Innovations modernes
L’un des changements les plus importants dans la technologie des tissus outdoor aujourd’hui est le passage progressif de l’industrie à des membranes sans PFAS (substances perfluoroalkylées et polyfluoroalkylées). Longtemps utilisées dans les membranes imperméables et les revêtements DWR, les PFAS sont désormais en cours de suppression en raison des préoccupations sanitaires et environnementales. Les marques explorent de nouvelles membranes imperméables fabriquées à partir de polyéthylène expansé (ePE), de polyuréthane (PU) et d’autres options sans fluor. Ces matériaux visent à conserver les performances imperméables et respirantes des membranes traditionnelles, sans la persistance ou la toxicité des PFAS. D’ici 2025, de nombreuses grandes marques devraient proposer des vêtements extérieurs sans PFAS.
Le graphène, une structure de carbone d’une seule épaisseur d’atome, est une autre innovation émergente. Connu pour sa résistance exceptionnelle et sa conductivité thermique, il est exploré dans les vestes et doublures pour aider à réguler la chaleur, résister aux odeurs et ajouter de la durabilité.

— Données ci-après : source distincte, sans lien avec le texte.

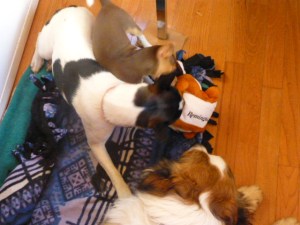 Holly playing with auntie Maddie.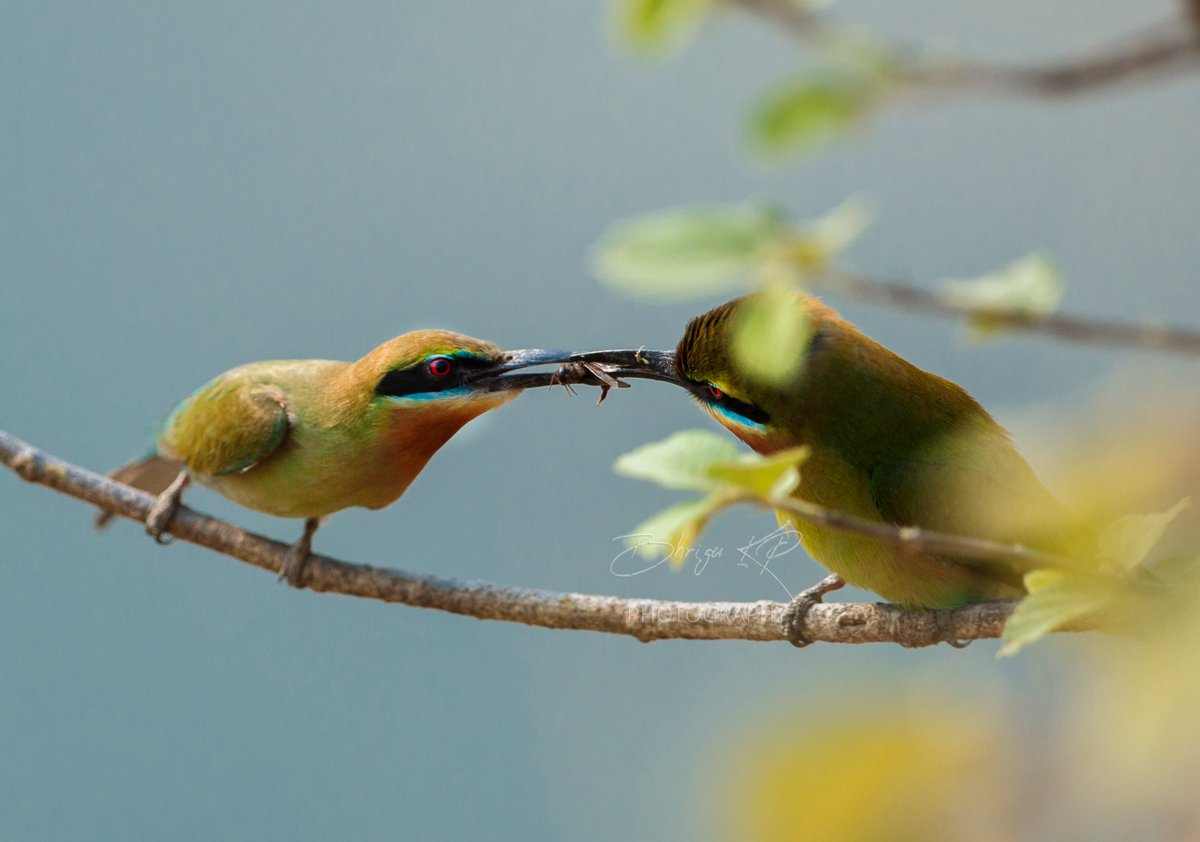 A female bee-eater is getting pampered with an insect by a male. This is one of the most common behaviors among birds during their courtship period. 

#Bird #birdwatching #birding #birdphotography #indiAves #nature #photography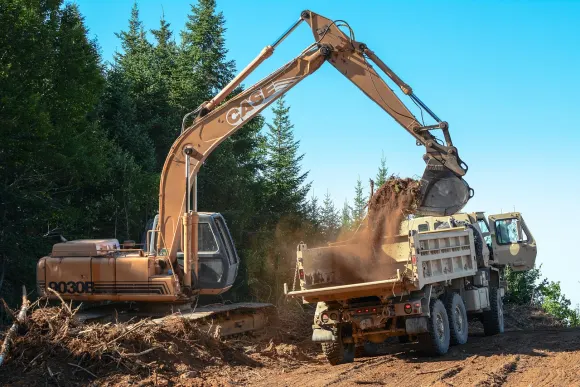 웜벳 카지노 지원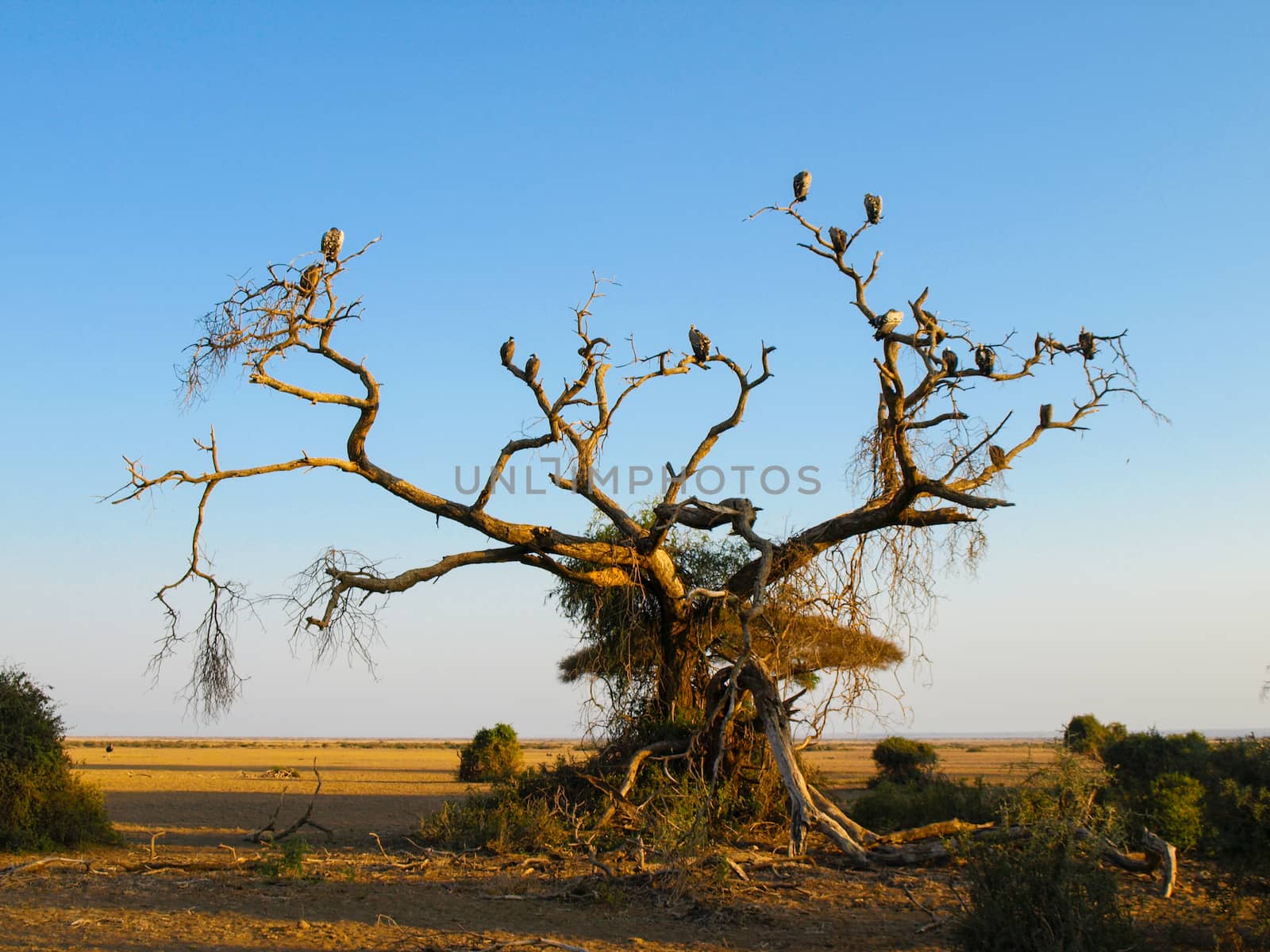 Group of vultures sitting on the tree in the evening time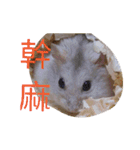 cute mice daily（個別スタンプ：5）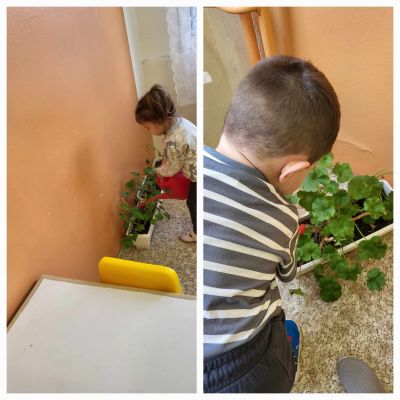 Вода за живот 11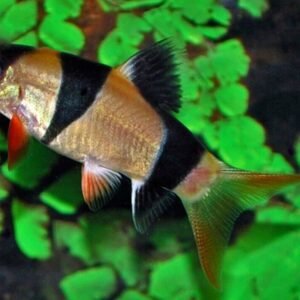 O/B Zebra Cichlid 4" - Colorful Freshwater Live Fish Healthy Active FAST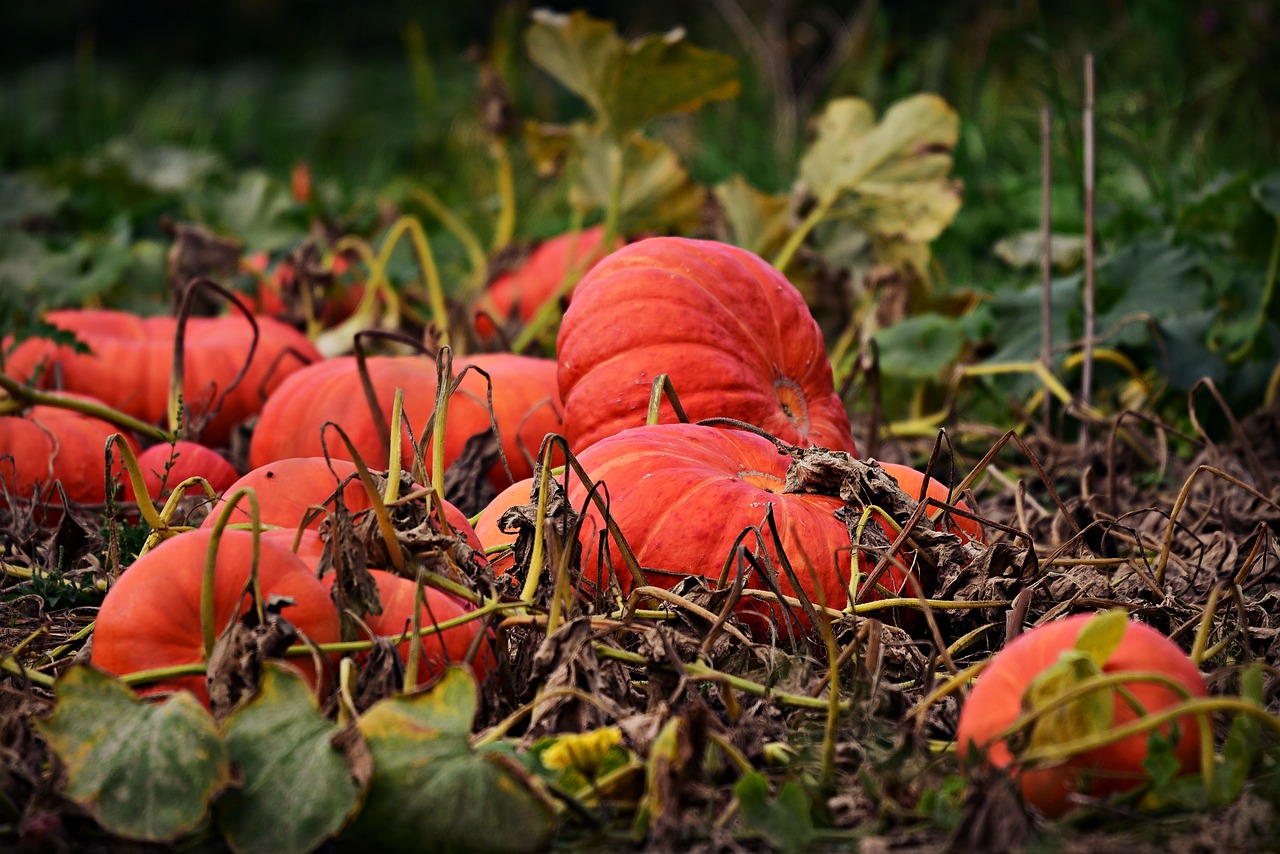 Avoir un jardin potager de 30 m2, oui c’est possible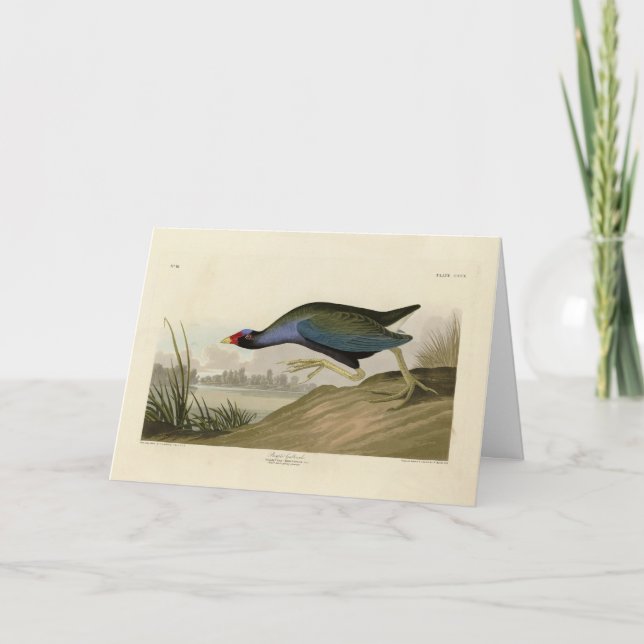 Cartão Galáculo Roxo das Aves da América de Audubon (Frente)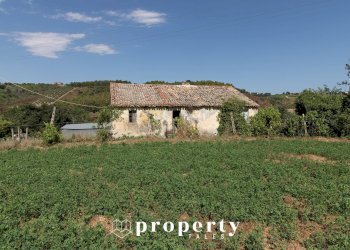 Rustic Offida - photo 15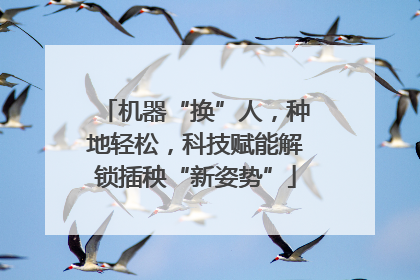 机器“换”人，种地轻松，科技赋能解锁插秧“新姿势”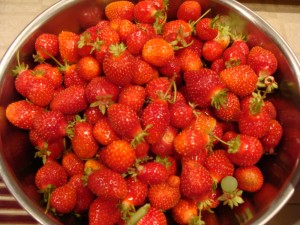 Early October picking of Tribute strawberries from my garden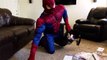 Spiderman VS Joker, Spiderman Cleaning The House! death match -Superheroes Funny Movie In RealLife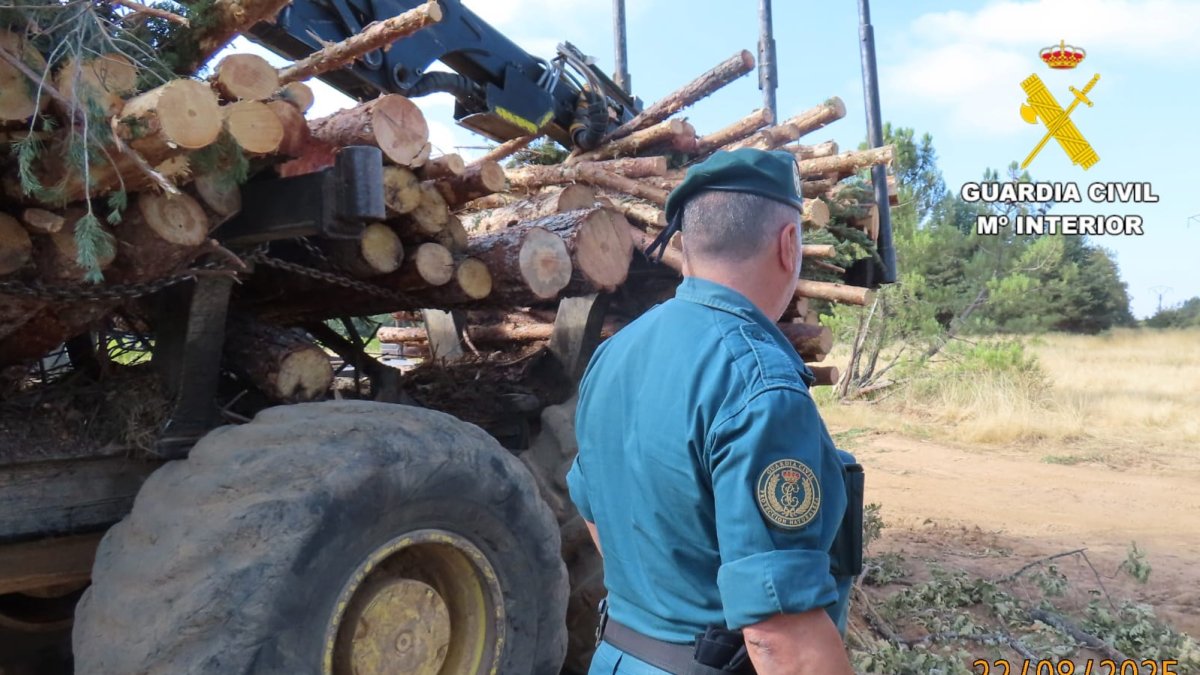 Un agente de la Guardia Civil durante labores de investigación.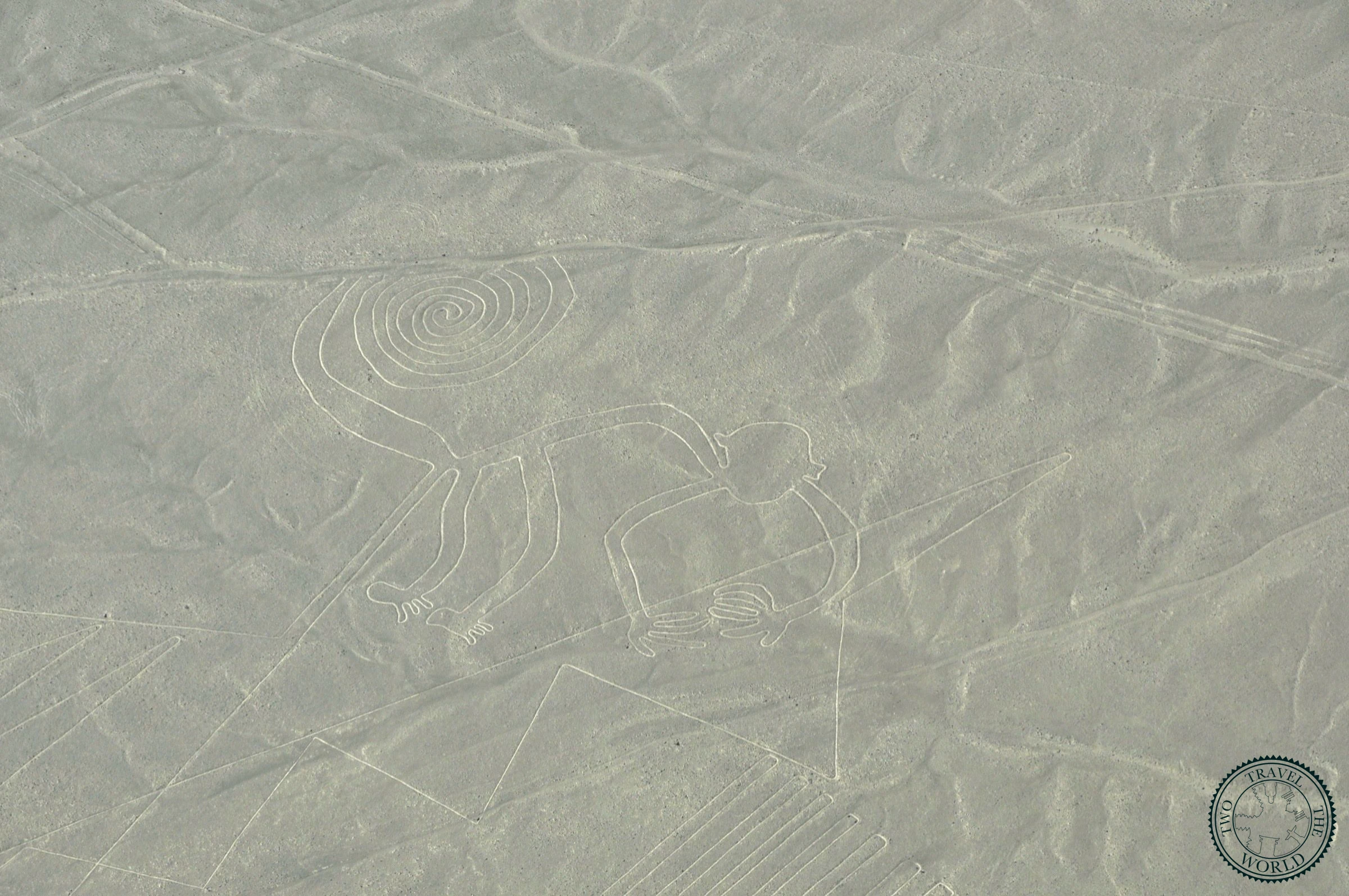The Monkey geoglyph with distinctive spiral tail carved into the Nazca Desert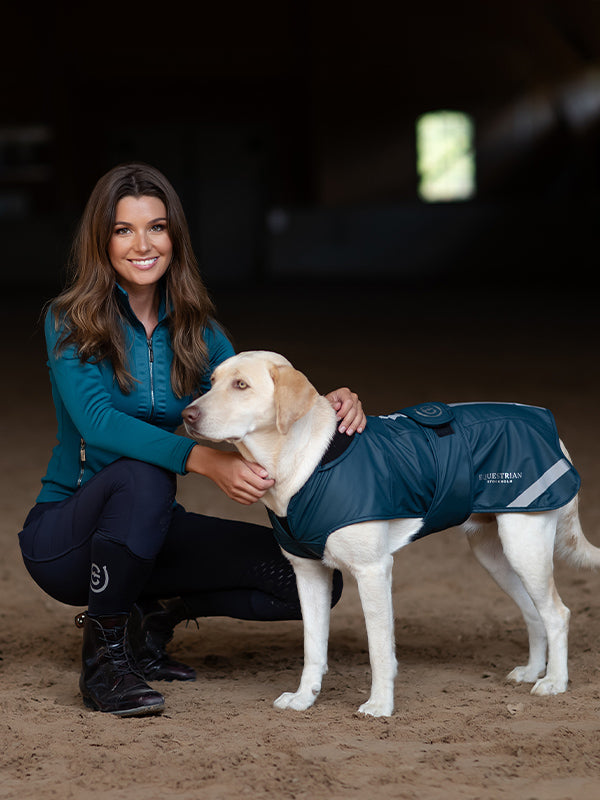 Weather Pro Dog Rug Aurora Blues vue 2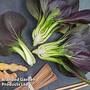Pak Choi 'Purple Rain' F1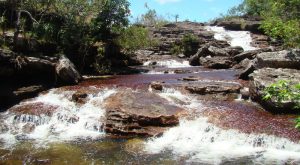 Rio en el parque la Macarena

Bien que toujours expérimental, le graphène laisse entrevoir un avenir de tissus intelligents et améliorant la performance.

Salem Dyneema Down Parka de Foehn, vers 2022
En conclusion
De la laine aux synthétiques, et maintenant vers des matériaux durables et bio-sourcés, les tissus outdoor ont évolué au fil des décennies d’innovation. La priorité initiale était la fonctionnalité : rester au sec, au chaud et mobile. Mais à mesure que la performance a atteint de nouveaux sommets, l’accent se déplace vers la responsabilité environnementale.